= Prompt =
Copy the data below exactly, but not the pictures it contains.

========================================================================

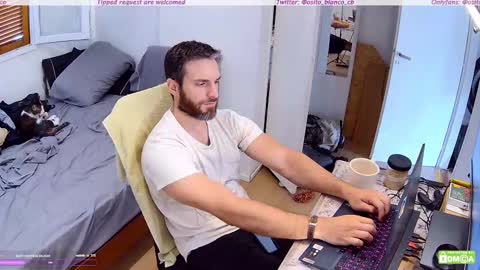 Snapshot of osito_blanco chatting on 02/12/25, 07:24 Osito Blanco online show from 02/12/25, 07:24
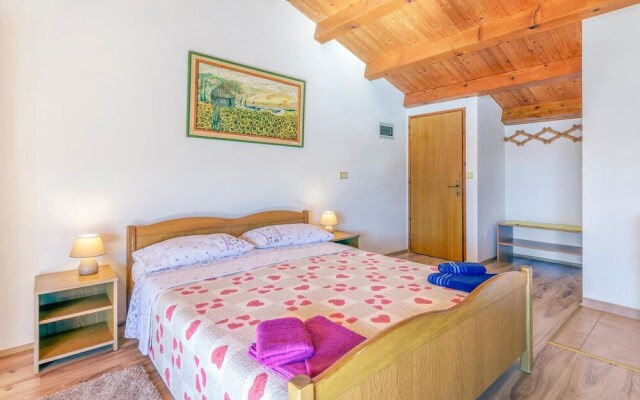 Nice Apartment in Rovinj With Wifi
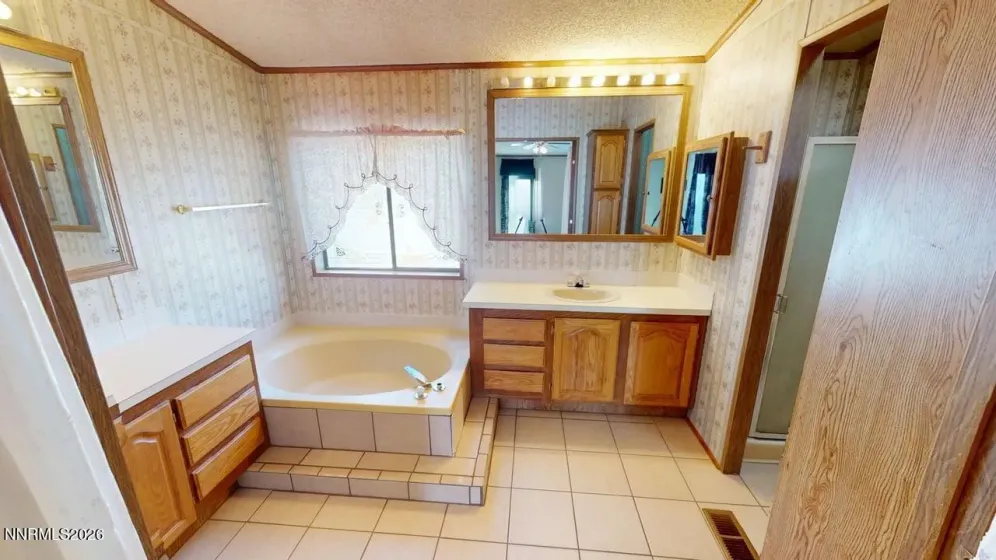 310 Bastian, Battle Mountain, Nevada 89820, 3 Bedrooms Bedrooms, ,2 BathroomsBathrooms,Residential,Residential,Bastian,260004141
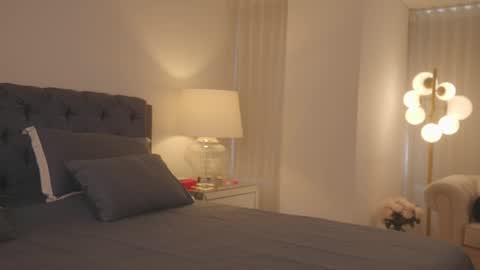 emma_lu1 online show from January 21, 2025, 5:09 pm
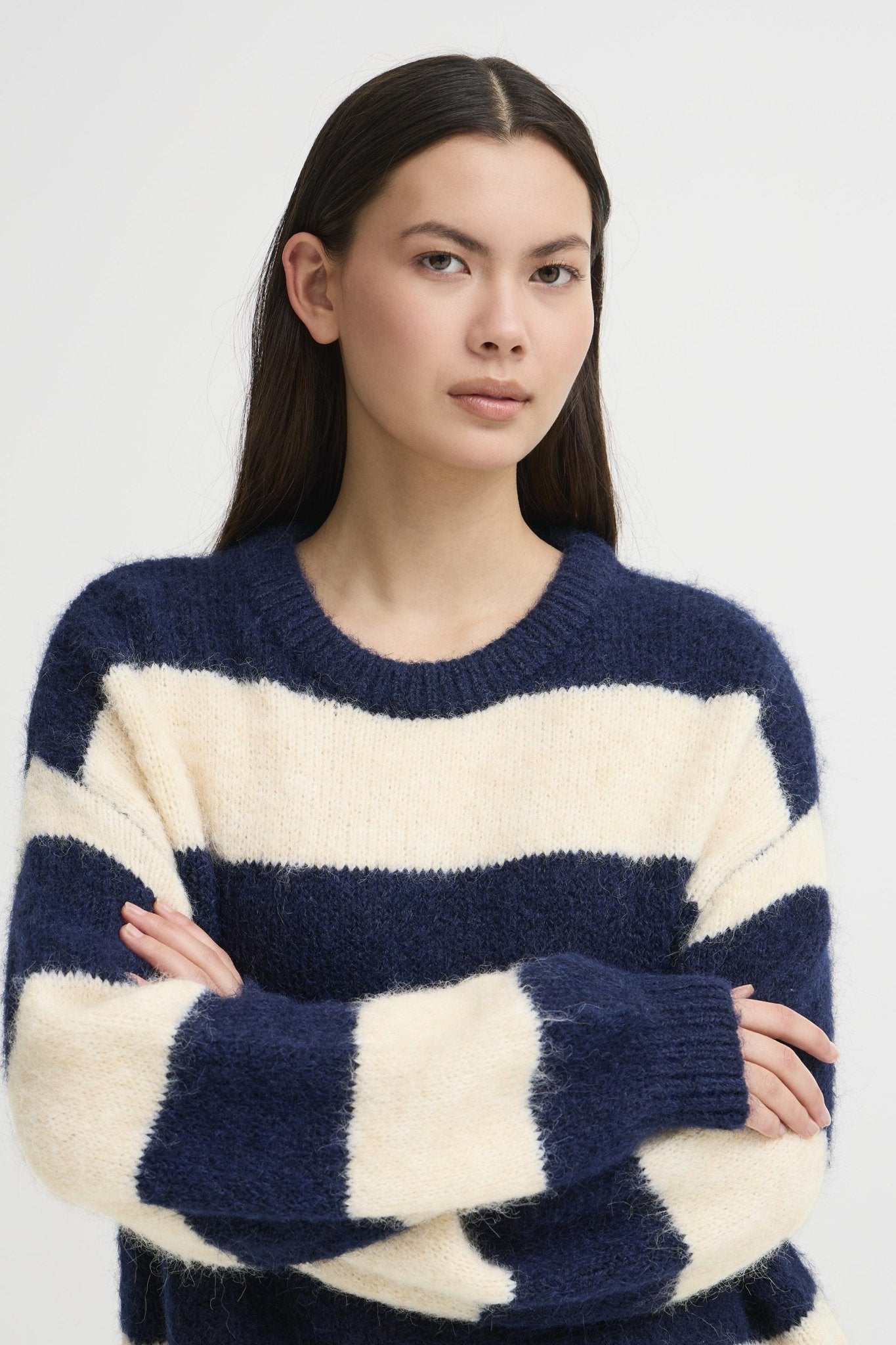 Gestreifter Strickpullover langarm (Navy - Ecru) - Blossom Hair & Fashion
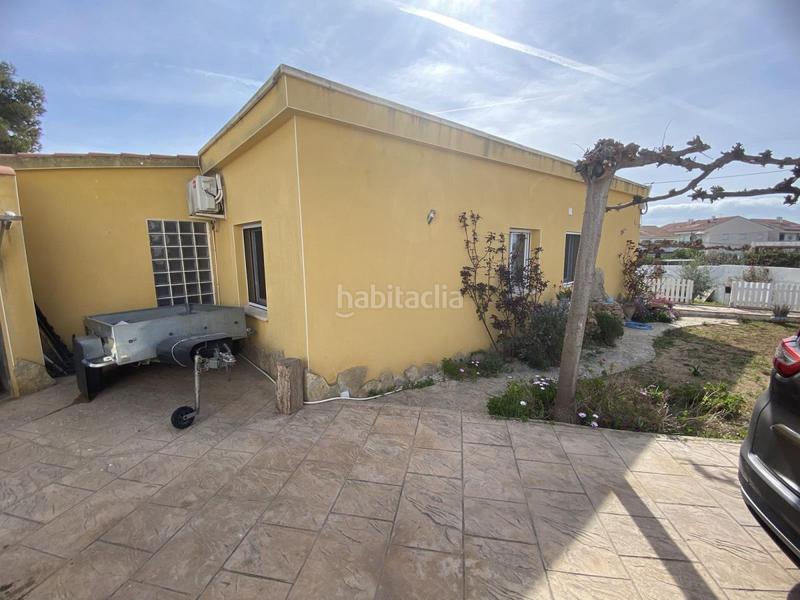 Foto 8facb0ed-f693-4f22-aeff-03e44d07c000. Chalet villa en venta , 3 dormitorios. en Alcanar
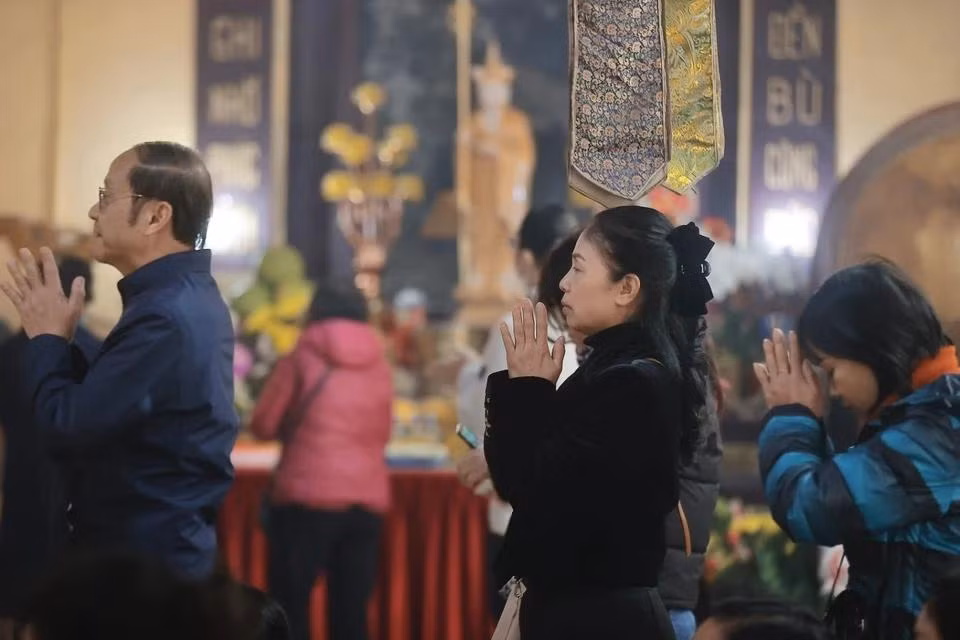 La gente visita el templo de Quan Su en el Tet Nguyen Tieu.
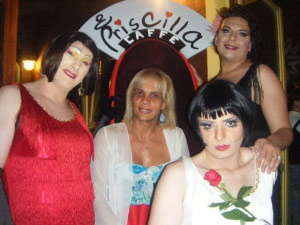 Al funerale dell'ex compagno, trans aggredita dai familiari - regina funeraleF3 - Gay.it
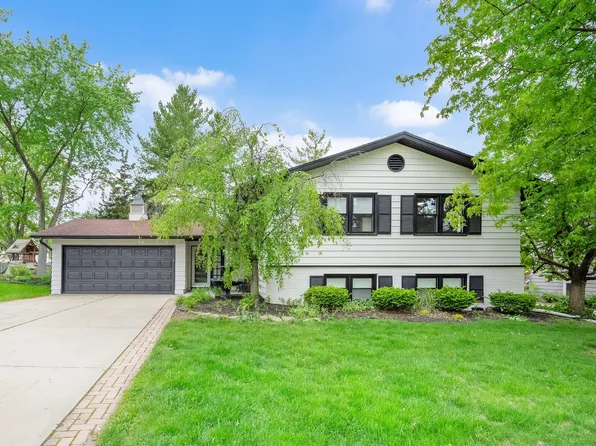 6312 Maxwell Dr, Woodridge, IL 60517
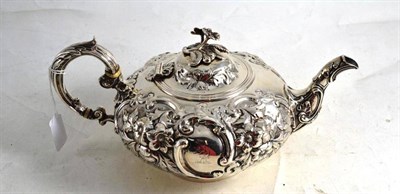 Lot 107 - Victorian silver teapot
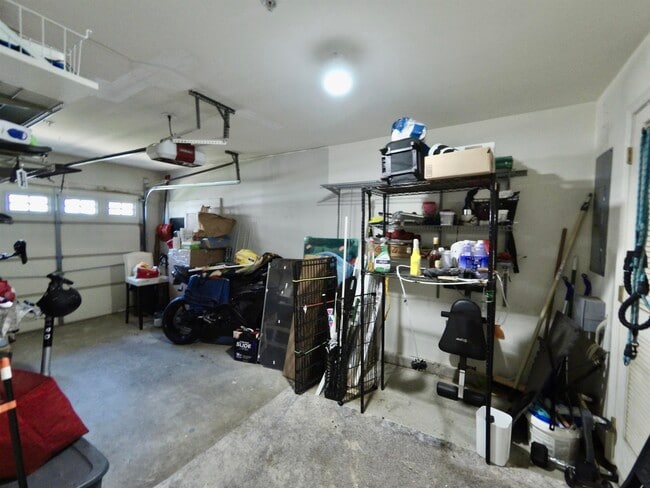 Building Photo - 49 Mallard Pl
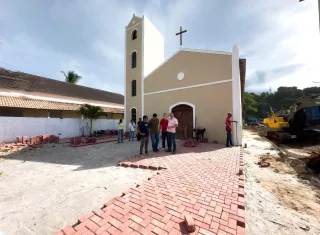 Prefeitura de Prado inicia obras da nova praça da Igreja Matriz de Cumuruxatiba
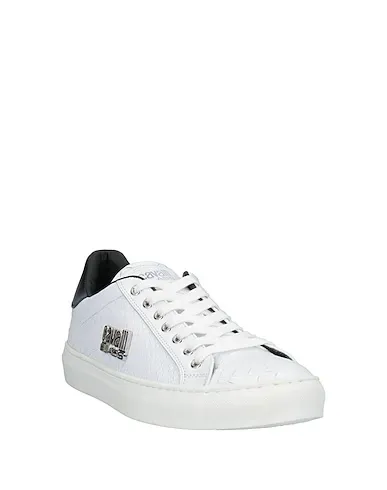 https://images.styletyx.com/images/white-leather-sneakers-cavalli-class-2544346_2.webp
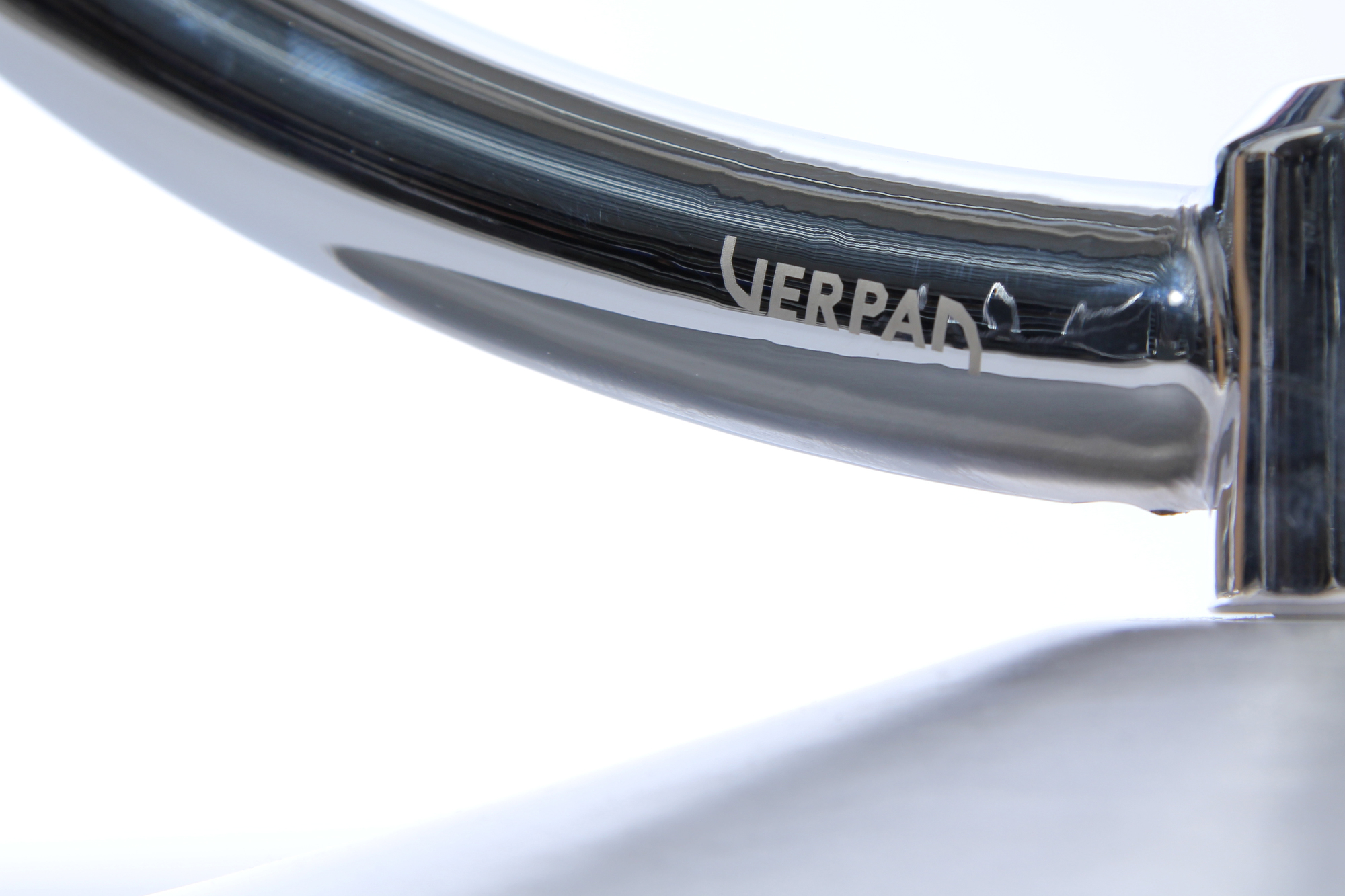 Detailaufnahme des Verpan System 1-2-3 Spiegels mit Chromgestell und Verpan Logo. Designklassiker für modernes Wohnen.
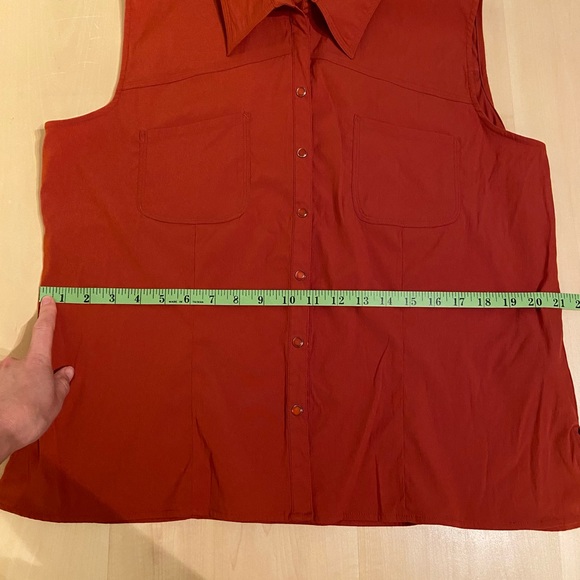MARIE CLAIRE X-large sleeveless button up. Outdoors and hiking style. - Picture 9 of 11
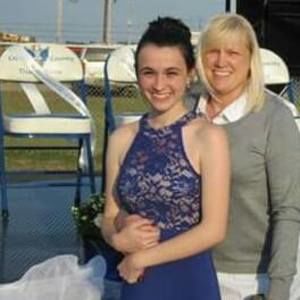 Meet your Posher, Tina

========================================================================

= Answer space =
 Snapshot of osito_blanco chatting on 02/12/25, 07:24 Osito Blanco online show from 02/12/25, 07:24
 Nice Apartment in Rovinj With Wifi
 310 Bastian, Battle Mountain, Nevada 89820, 3 Bedrooms Bedrooms, ,2 BathroomsBathrooms,Residential,Residential,Bastian,260004141
 emma_lu1 online show from January 21, 2025, 5:09 pm
 Gestreifter Strickpullover langarm (Navy - Ecru) - Blossom Hair & Fashion
 Foto 8facb0ed-f693-4f22-aeff-03e44d07c000. Chalet villa en venta , 3 dormitorios. en Alcanar
 La gente visita el templo de Quan Su en el Tet Nguyen Tieu.
 Al funerale dell'ex compagno, trans aggredita dai familiari - regina funeraleF3 - Gay.it
 6312 Maxwell Dr, Woodridge, IL 60517
 Lot 107 - Victorian silver teapot
 Building Photo - 49 Mallard Pl
 Prefeitura de Prado inicia obras da nova praça da Igreja Matriz de Cumuruxatiba
 https://images.styletyx.com/images/white-leather-sneakers-cavalli-class-2544346_2.webp
 Detailaufnahme des Verpan System 1-2-3 Spiegels mit Chromgestell und Verpan Logo. Designklassiker für modernes Wohnen.
MARIE CLAIRE X-large sleeveless button up. Outdoors and hiking style. - Picture 9 of 11
 Meet your Posher, Tina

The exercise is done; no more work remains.